Source records:
_ _ _ _ _ _ _

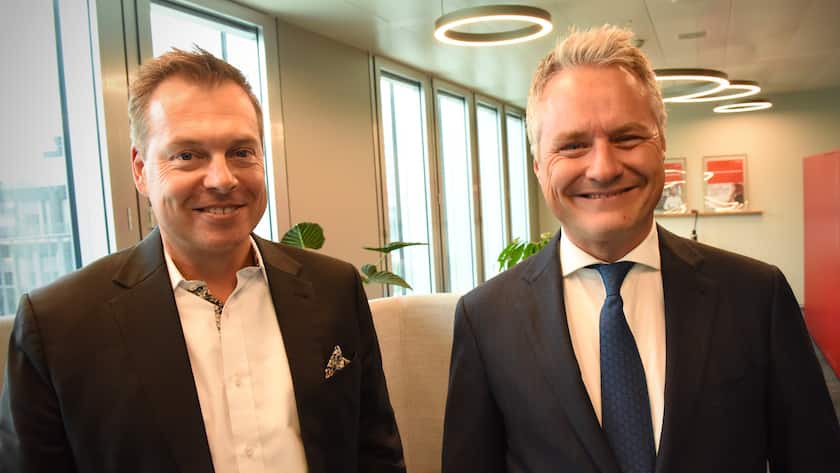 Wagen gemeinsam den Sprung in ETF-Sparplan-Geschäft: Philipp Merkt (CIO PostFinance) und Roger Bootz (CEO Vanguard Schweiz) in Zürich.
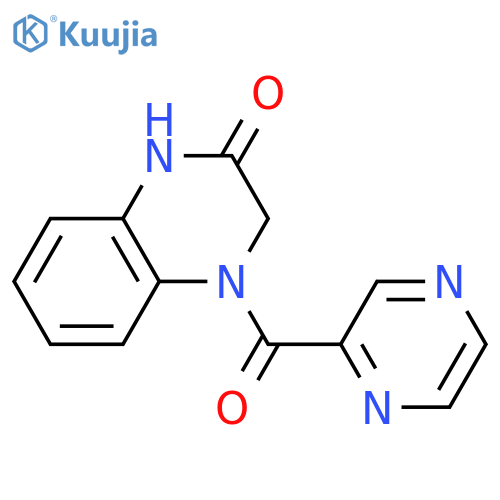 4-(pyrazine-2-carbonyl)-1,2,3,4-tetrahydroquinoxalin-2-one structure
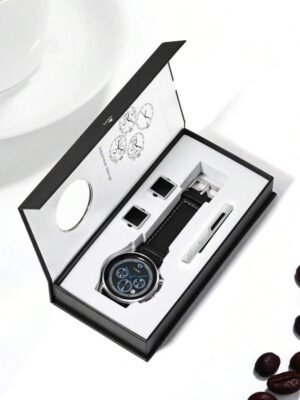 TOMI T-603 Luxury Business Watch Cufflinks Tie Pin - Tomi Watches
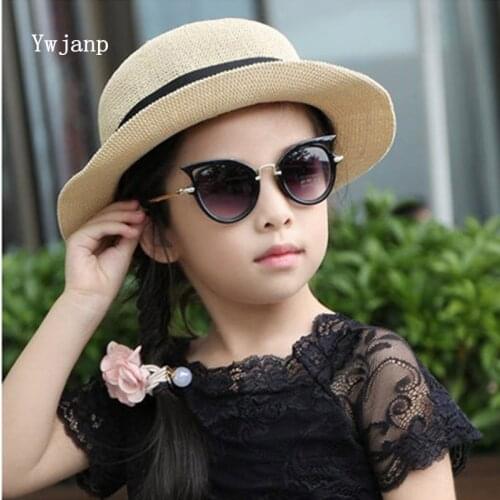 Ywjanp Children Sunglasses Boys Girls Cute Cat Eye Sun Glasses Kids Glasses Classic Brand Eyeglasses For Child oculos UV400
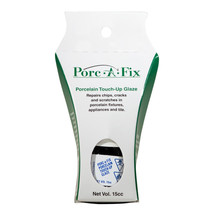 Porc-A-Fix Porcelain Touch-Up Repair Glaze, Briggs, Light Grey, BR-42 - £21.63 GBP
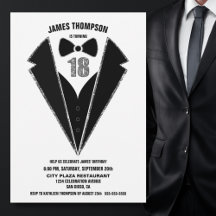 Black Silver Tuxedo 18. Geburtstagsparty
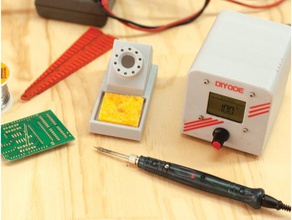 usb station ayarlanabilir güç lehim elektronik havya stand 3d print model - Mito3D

_ _ _ _ _ _ _

__YOUR OBJECTIVE__. Without altering a word, return all of the records above and leave out their pictures.

__REPLY TO THE TASK__.
 Wagen gemeinsam den Sprung in ETF-Sparplan-Geschäft: Philipp Merkt (CIO PostFinance) und Roger Bootz (CEO Vanguard Schweiz) in Zürich.
 4-(pyrazine-2-carbonyl)-1,2,3,4-tetrahydroquinoxalin-2-one structure
 TOMI T-603 Luxury Business Watch Cufflinks Tie Pin - Tomi Watches
 Ywjanp Children Sunglasses Boys Girls Cute Cat Eye Sun Glasses Kids Glasses Classic Brand Eyeglasses For Child oculos UV400
 Porc-A-Fix Porcelain Touch-Up Repair Glaze, Briggs, Light Grey, BR-42 - £21.63 GBP
 Black Silver Tuxedo 18. Geburtstagsparty
 usb station ayarlanabilir güç lehim elektronik havya stand 3d print model - Mito3D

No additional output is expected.